Another 100 theme challenge, proving the Duck is low on ideas! The newest topic is foreign. The first thing that comes to mind are foreign countries, but I haven’t really been to any of those. Not enough to speak about, anyway (I went to Tahiti once when I was way too young to remember, so it hardly counts). And I already wrote a similar post for topic #21, vacation. It’s one of my most popular posts, so perhaps you’d like to read it. The next thing that comes to mind, and the focus of this post, shall instead be foreign languages.

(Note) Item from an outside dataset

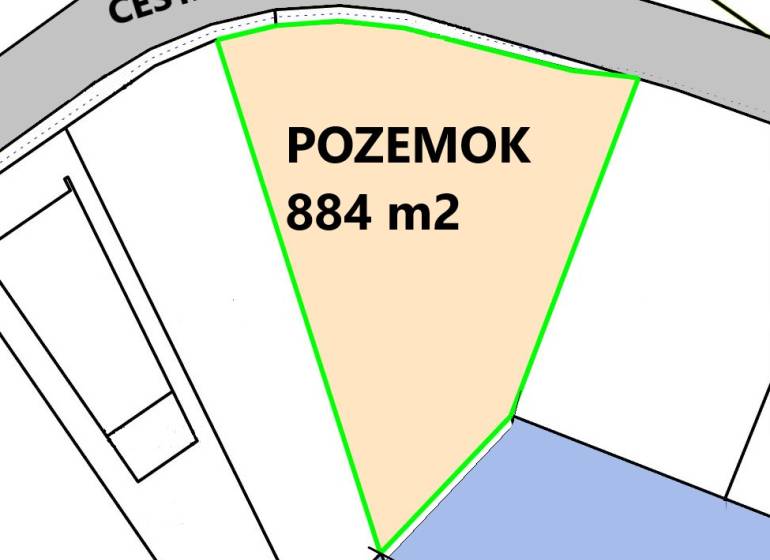 Plots - housing in Boldog, by the lake, 884 m².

The Duck has tried to learn multiple foreign languages throughout my lifetime. The first was Spanish when I was in middle school. We spent half a year attempting to learn the language, with the exception of one week where we inexplicably attempted to learn French. I can’t, for the life of me, figure out how to pronounce any French words, even though everyone else seemed to understand just fine. Spanish was a lot of fun to learn, though, even if I still can’t say much beyond, “Me gusta pollo”. That means, “I like chicken”. Isn’t that nice?
I have one rather amusing story to share before we move on. I have actually been wanting to talk about this for some time now, but it seemed quite random before. One day, we were given a bunch of Spanish words, and we were supposed to find their English equivalents in a Spanish-English dictionary. One word was “ano”. At least, that’s what we thought because the word was missing that little squiggle you sometimes see over the letter “n” in certain Spanish words. The word was supposed to mean “year”, but without the squiggle (called a tilde, I believe), it translated to the word for…ahem, cough…“anus”. Needless to say, my fellow classmates and I were quite baffled as to why the teacher wanted us to learn such an…unpleasant word.

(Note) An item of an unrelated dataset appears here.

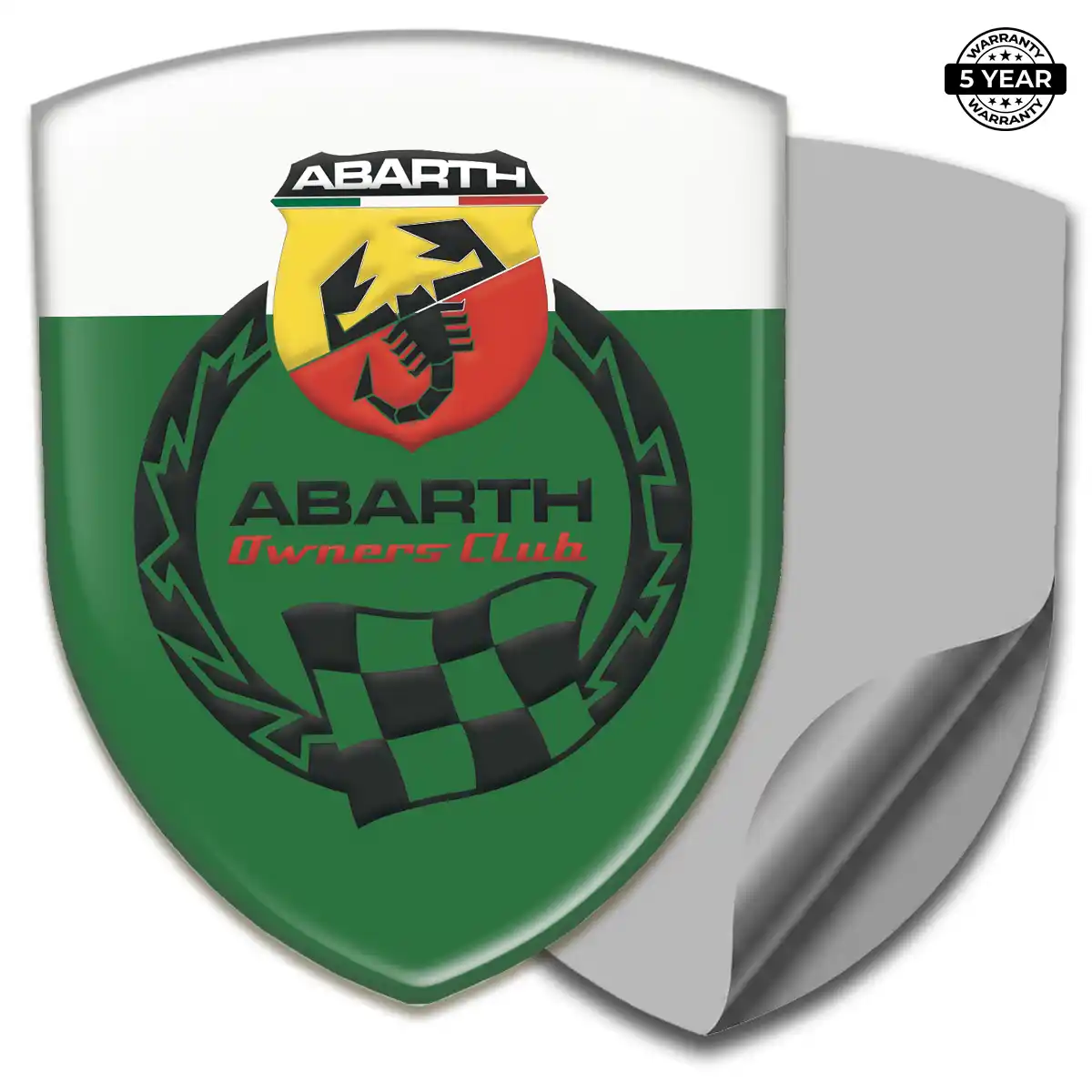 Abarth Polyurethane Domed Sticker Cabin Style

In high school, I also spent one year learning Latin. While I can’t speak a single sentence in Latin, I do remember some words, like “canis” for dog and “feles” for cat. Latin was a really interesting language to learn about because you can see Latin words in so many modern English words, which helps a lot in understanding the meanings behind words you had never before heard. The teacher was also very nice, and I have one particularly pleasant memory about her. I was the only student to get 100% on one of our tests, so I ended up getting a delicious cookie, which I proceeded to eat in class with great gusto. I don’t think a teacher had ever given me something for doing a good job before.
Last of all, I tried to learn Japanese on my own. As was the case with every language that came prior, I absolutely failed at learning Japanese. It was a really tough language to learn, partly because there are a lot of words that have no equivalent in English. For example, “wa” is used to specify the subject of a sentence, as is the case in “watashi wa”, “watashi” meaning “I”. One of the only sentences I can still remember is “toire wa doko desu ka?”, which means “where is the toilet?” (A very important sentence indeed.) Mainly, I just know how to be polite in Japanese. “Sumimasen” means “excuse me” or “sorry”. “Arigato gozaimasu” is the polite way of saying “thank you”. And my favorite to say is “do itashimashita”, which means “you’re welcome”.
I also learned the word “baka” from the Kirby anime (Hoshi no Kaabii in Japanese). It means “idiot”.
The most impressive thing I can think of about my foreign language skills is that I can say the word “cat” in three different languages (English not included). Gato, feles, neko. Impressed? Me, neither.